● WHAT YOU SHOULD DO:
Please transcribe the entries below exactly and leave out every picture.

PROVIDED RECORDS Block Start

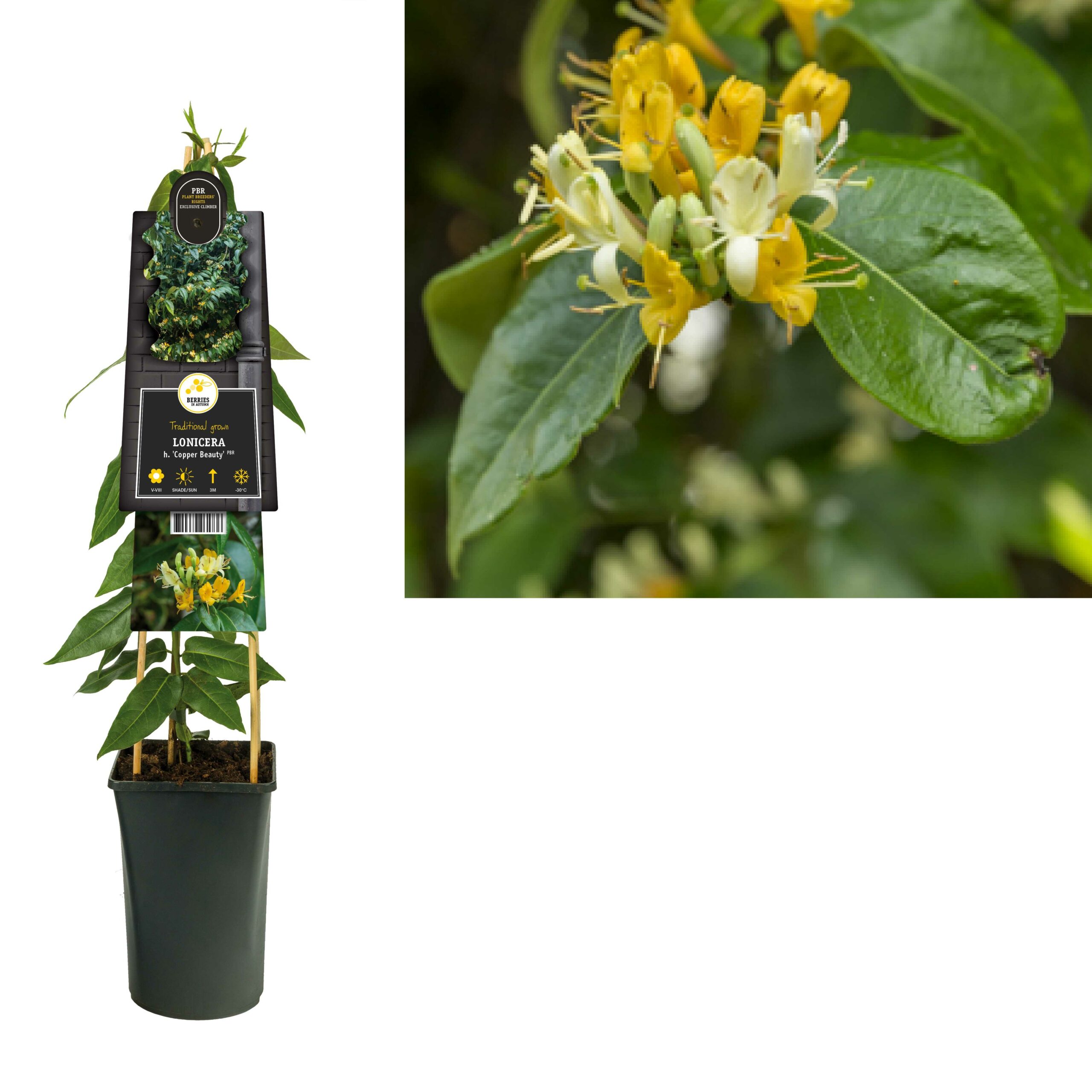 Lonicera henryi 'Copper beauty' - Geiblatt online kaufen - PlantBezorgd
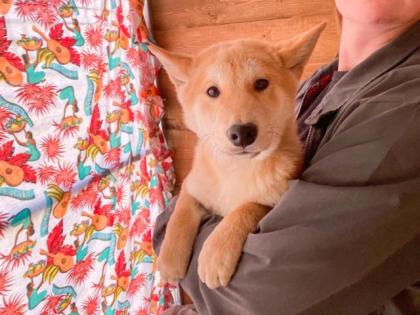 Saburo - Shiba Inu-Mischling - lieb schüchtern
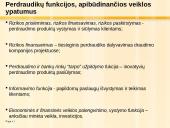 Perdraudimo kompanijų veiklos ypatumai ir problemos pasaulinėje finansų rinkoje 12 puslapis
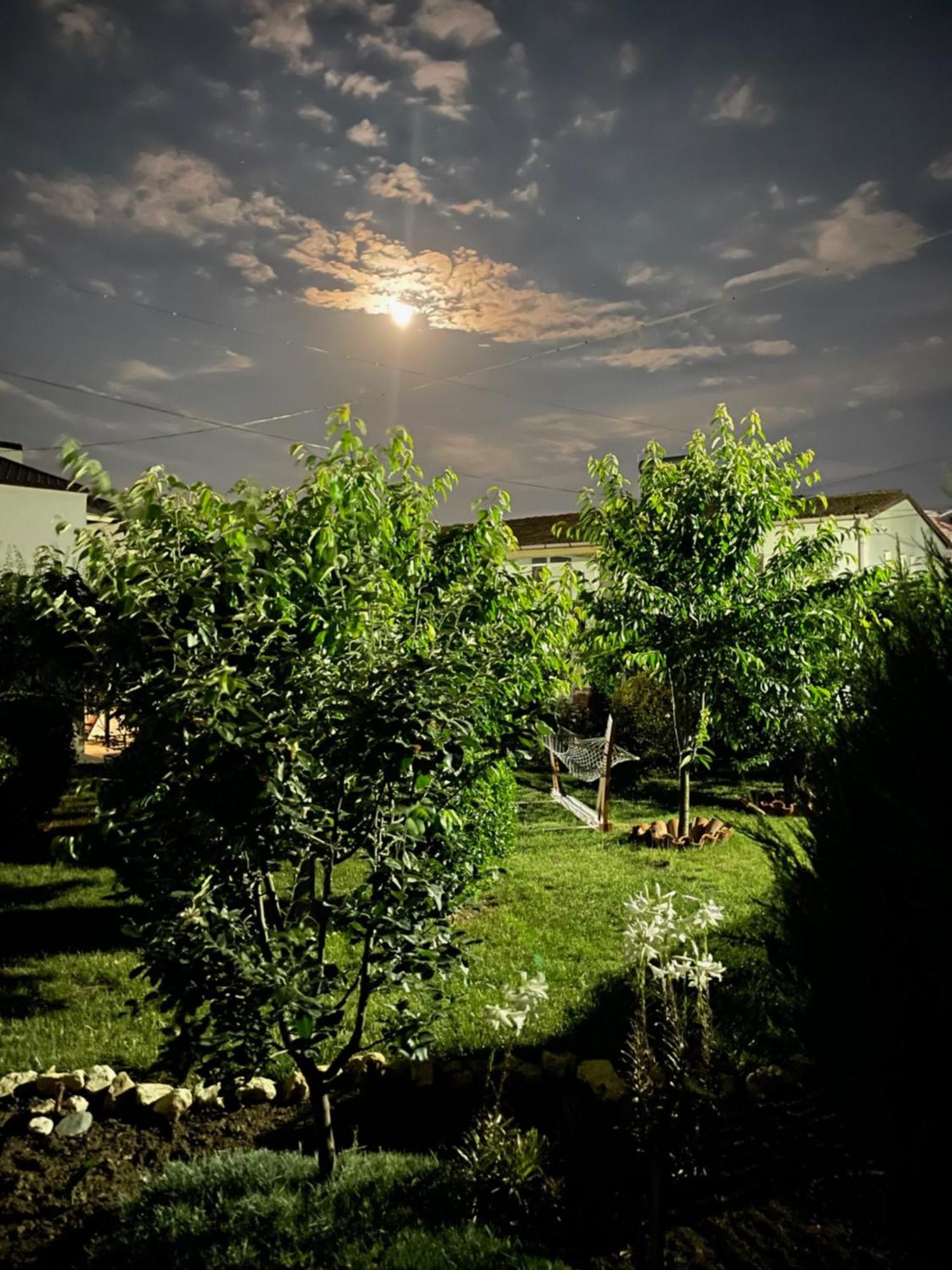 Guest house Complex Minerva Costinesti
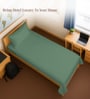 Hedge Green Solid 400 TC Cotton Single Sized Bedsheet with 1 Pillow Cover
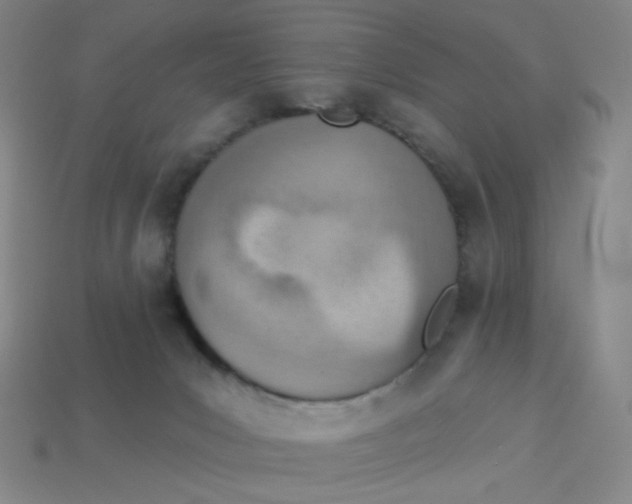 X0000113320031200910131137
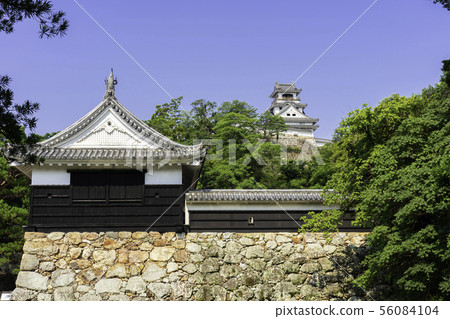 Kochi Castle Otemon（高知縣高知市） 56084104
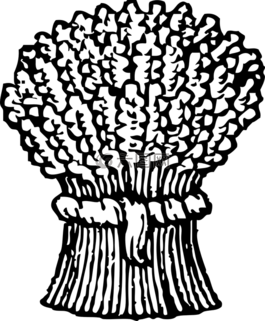 收獲,作物,耳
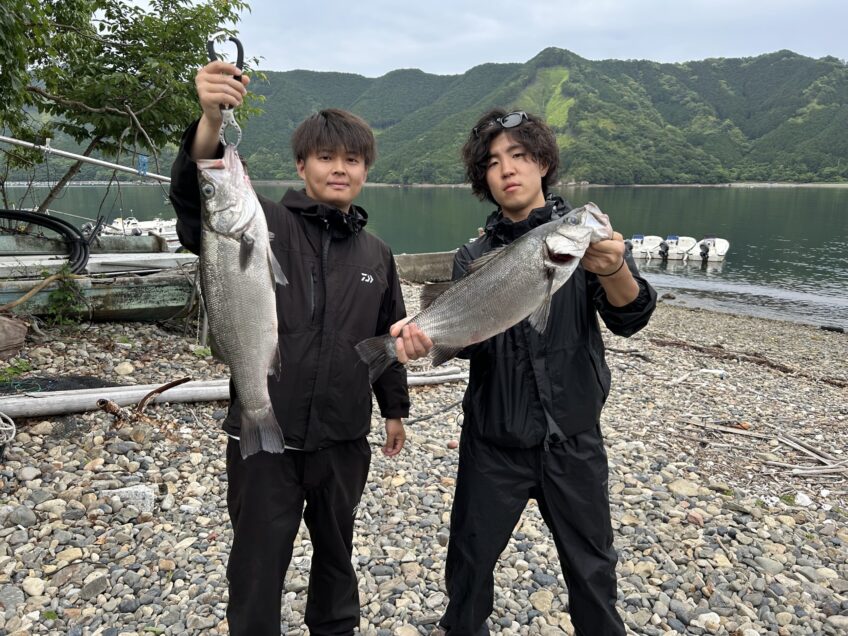 5/29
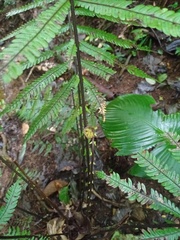 Sphaerostephanos heterocarpos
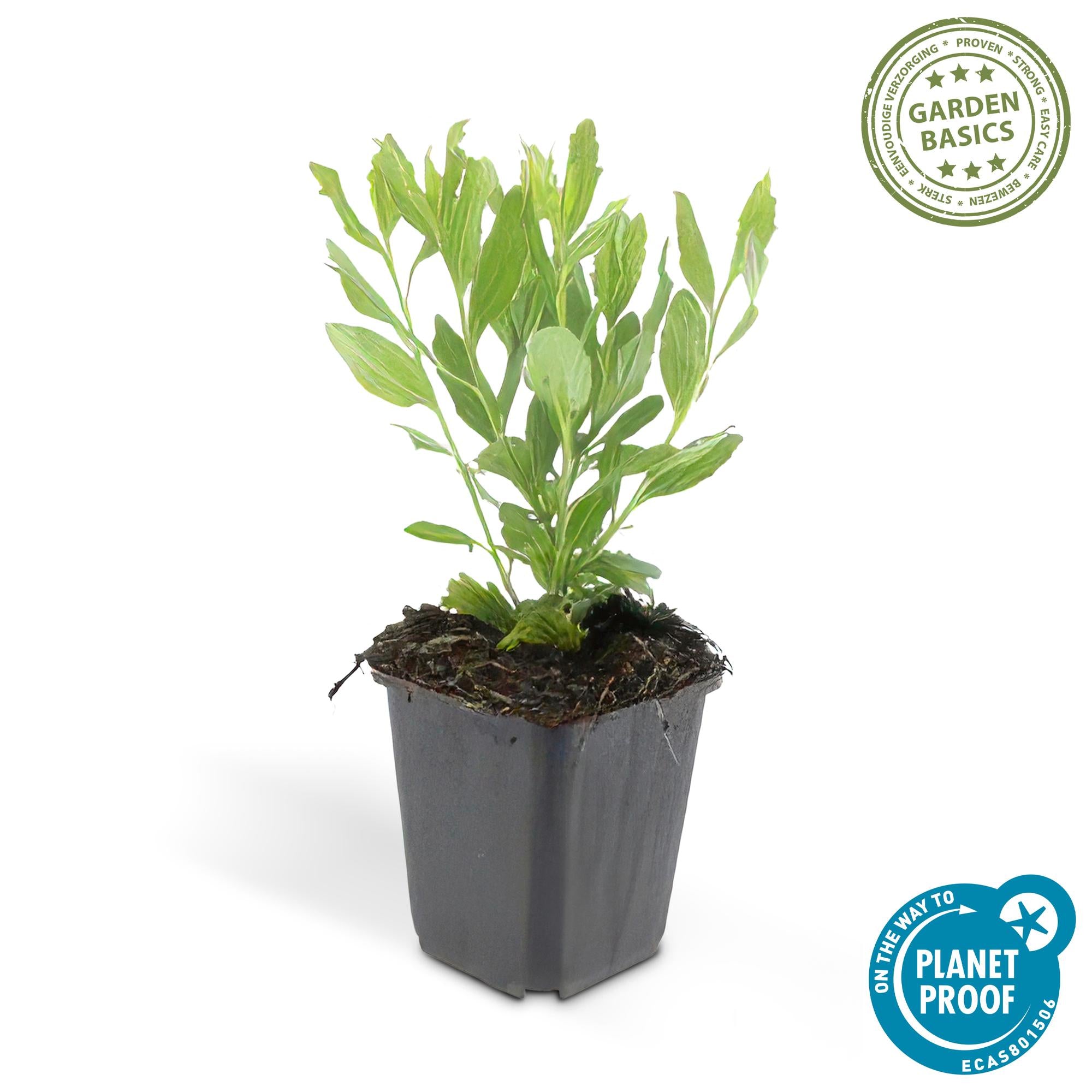 6x Aster ageratides 'Ashvi' - ↕10-25cm - Ø9cm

PROVIDED RECORDS Block End

● FINISHED EXERCISE:
 Lonicera henryi 'Copper beauty' - Geiblatt online kaufen - PlantBezorgd
 Saburo - Shiba Inu-Mischling - lieb schüchtern
 Perdraudimo kompanijų veiklos ypatumai ir problemos pasaulinėje finansų rinkoje 12 puslapis
 Guest house Complex Minerva Costinesti
 Hedge Green Solid 400 TC Cotton Single Sized Bedsheet with 1 Pillow Cover
 X0000113320031200910131137
 Kochi Castle Otemon（高知縣高知市） 56084104
 收獲,作物,耳
 5/29
 Sphaerostephanos heterocarpos
 6x Aster ageratides 'Ashvi' - ↕10-25cm - Ø9cm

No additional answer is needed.